To find the radius of convergence \( R \) for the given power series, we can use the ratio test. The ratio test involves taking the limit of the absolute value of the ratio of consecutive terms. For a series \(\sum a_n\), the radius of convergence \( R \) is given by \( R = \frac{1}{\limsup_{n \to \infty} |a_{n+1}/a_n|} \). Once \( R \) is found, the interval of convergence can be determined by checking the convergence at the endpoints separately.

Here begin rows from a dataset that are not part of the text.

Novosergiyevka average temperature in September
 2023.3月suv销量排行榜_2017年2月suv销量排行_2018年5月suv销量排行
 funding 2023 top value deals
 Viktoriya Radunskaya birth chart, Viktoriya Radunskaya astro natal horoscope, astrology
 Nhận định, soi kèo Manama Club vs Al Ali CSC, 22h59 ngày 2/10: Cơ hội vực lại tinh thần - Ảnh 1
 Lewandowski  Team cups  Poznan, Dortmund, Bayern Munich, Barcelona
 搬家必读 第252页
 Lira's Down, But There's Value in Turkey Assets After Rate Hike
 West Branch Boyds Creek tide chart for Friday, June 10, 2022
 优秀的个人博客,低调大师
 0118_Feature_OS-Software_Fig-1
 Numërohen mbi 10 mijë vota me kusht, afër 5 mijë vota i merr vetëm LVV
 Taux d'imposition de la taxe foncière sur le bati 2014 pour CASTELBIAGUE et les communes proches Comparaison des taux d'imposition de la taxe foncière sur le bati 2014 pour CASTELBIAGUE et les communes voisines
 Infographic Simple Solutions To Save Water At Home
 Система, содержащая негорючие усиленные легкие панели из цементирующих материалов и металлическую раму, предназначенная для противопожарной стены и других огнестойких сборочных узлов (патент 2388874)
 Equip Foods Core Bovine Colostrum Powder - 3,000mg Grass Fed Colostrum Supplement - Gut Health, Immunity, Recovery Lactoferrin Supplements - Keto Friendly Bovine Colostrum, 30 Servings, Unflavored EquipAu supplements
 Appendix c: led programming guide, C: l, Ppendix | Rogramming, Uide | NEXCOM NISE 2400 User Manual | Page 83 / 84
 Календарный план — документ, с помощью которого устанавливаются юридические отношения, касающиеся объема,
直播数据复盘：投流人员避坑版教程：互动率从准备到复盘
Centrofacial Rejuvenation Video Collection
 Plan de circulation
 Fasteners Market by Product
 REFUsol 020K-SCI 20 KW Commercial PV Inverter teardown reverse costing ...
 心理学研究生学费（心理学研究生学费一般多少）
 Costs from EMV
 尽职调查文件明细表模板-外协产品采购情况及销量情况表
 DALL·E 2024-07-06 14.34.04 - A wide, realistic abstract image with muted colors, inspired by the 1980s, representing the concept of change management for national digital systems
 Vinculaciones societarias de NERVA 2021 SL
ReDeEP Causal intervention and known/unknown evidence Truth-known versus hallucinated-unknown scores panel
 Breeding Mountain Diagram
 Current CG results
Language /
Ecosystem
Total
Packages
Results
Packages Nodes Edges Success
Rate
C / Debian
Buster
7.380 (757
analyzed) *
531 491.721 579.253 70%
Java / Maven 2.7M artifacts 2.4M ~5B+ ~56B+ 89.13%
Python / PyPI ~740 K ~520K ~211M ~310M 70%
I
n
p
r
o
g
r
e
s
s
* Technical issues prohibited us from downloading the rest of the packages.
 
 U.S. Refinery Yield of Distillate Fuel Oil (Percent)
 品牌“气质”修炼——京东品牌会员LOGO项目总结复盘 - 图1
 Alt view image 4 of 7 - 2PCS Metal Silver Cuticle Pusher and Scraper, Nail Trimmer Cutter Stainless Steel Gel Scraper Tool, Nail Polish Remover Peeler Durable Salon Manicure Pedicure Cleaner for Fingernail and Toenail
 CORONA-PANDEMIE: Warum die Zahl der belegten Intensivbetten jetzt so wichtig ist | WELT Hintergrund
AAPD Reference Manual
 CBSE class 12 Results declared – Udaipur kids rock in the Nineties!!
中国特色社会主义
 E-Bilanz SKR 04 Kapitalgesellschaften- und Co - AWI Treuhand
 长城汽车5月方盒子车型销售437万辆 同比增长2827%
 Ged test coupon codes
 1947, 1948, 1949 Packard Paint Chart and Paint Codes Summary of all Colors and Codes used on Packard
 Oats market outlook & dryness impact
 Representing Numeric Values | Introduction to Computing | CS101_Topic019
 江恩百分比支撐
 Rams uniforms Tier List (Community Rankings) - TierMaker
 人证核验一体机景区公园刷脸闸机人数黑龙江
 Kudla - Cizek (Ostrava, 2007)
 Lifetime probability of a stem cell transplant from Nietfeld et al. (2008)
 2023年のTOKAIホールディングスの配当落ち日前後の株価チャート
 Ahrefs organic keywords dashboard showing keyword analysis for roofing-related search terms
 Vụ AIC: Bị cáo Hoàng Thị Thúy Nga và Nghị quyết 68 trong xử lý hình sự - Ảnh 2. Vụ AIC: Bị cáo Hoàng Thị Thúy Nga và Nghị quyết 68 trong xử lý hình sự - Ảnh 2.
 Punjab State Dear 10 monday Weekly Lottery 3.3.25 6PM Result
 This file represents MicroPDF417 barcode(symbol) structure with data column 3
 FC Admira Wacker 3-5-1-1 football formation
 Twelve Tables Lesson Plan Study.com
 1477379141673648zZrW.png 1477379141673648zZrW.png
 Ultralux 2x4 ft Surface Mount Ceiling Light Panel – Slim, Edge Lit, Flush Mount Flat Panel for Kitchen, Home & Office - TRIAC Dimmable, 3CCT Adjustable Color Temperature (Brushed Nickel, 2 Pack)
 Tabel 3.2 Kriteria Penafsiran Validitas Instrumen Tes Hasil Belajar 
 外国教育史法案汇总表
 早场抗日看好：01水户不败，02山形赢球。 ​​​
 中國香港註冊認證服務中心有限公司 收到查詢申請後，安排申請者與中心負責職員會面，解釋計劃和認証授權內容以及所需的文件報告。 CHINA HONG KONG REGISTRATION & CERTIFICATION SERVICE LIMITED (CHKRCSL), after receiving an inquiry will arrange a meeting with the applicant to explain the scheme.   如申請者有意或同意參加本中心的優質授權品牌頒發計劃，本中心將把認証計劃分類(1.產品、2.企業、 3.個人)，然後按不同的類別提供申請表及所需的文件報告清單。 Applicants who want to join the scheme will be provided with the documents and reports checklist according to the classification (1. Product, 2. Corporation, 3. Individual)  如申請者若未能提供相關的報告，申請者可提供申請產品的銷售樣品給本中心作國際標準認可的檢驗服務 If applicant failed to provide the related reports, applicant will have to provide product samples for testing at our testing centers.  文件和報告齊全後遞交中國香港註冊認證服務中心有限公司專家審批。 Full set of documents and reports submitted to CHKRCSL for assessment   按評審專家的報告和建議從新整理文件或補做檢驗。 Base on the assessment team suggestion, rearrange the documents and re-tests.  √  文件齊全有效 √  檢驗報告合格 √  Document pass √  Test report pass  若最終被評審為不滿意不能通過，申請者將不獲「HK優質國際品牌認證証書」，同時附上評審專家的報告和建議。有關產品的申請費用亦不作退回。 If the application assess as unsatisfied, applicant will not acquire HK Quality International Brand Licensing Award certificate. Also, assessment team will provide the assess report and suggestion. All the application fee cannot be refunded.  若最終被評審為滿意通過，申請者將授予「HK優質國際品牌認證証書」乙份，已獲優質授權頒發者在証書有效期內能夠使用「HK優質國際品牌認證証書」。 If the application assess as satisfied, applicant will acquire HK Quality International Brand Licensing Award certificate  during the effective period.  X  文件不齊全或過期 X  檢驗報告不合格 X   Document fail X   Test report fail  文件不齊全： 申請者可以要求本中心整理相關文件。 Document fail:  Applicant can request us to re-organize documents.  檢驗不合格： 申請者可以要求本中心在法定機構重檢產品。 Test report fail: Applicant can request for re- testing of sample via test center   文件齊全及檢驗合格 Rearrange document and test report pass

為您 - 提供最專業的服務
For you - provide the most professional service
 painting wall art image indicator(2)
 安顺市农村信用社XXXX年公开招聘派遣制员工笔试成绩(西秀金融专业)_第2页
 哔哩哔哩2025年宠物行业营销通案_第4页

The given power series is:
\[
\sum_{n=1}^{\infty} \frac{(-1)^{n+1}(x+2)^{n}}{n 2^{n}}
\]
This is a power series of the form:
\[
\sum_{n=1}^{\infty} a_n (x - c)^n
\]
where \( a_n = \frac{(-1)^{n+1}}{n 2^n} \) and \( c = -2 \).
To find the radius of convergence \( R \), we use the ratio test. The ratio test states that a series \(\sum a_n\) converges if:
\[
\lim_{n \to \infty} \left| \frac{a_{n+1}}{a_n} \right| < 1
\]
For our series, we have:
\[
a_n = \frac{(-1)^{n+1}}{n 2^n}
\]
\[
a_{n+1} = \frac{(-1)^{n+2}}{(n+1) 2^{n+1}}
\]
Now, calculate the ratio:
\[
\left| \frac{a_{n+1}}{a_n} \right| = \left| \frac{\frac{(-1)^{n+2}}{(n+1) 2^{n+1}}}{\frac{(-1)^{n+1}}{n 2^n}} \right| = \left| \frac{(-1)^{n+2} \cdot n \cdot 2^n}{(-1)^{n+1} \cdot (n+1) \cdot 2^{n+1}} \right|
\]
Simplifying, we get:
\[
= \left| \frac{n}{(n+1) \cdot 2} \right| = \frac{n}{2(n+1)}
\]
Taking the limit as \( n \to \infty \):
\[
\lim_{n \to \infty} \frac{n}{2(n+1)} = \lim_{n \to \infty} \frac{n}{2n + 2} = \lim_{n \to \infty} \frac{1}{2 + \frac{2}{n}} = \frac{1}{2}
\]
The series converges when:
\[
\left| x + 2 \right| < R
\]
From the ratio test, we have:
\[
\frac{1}{2} < 1
\]
Thus, the radius of convergence \( R \) is 2.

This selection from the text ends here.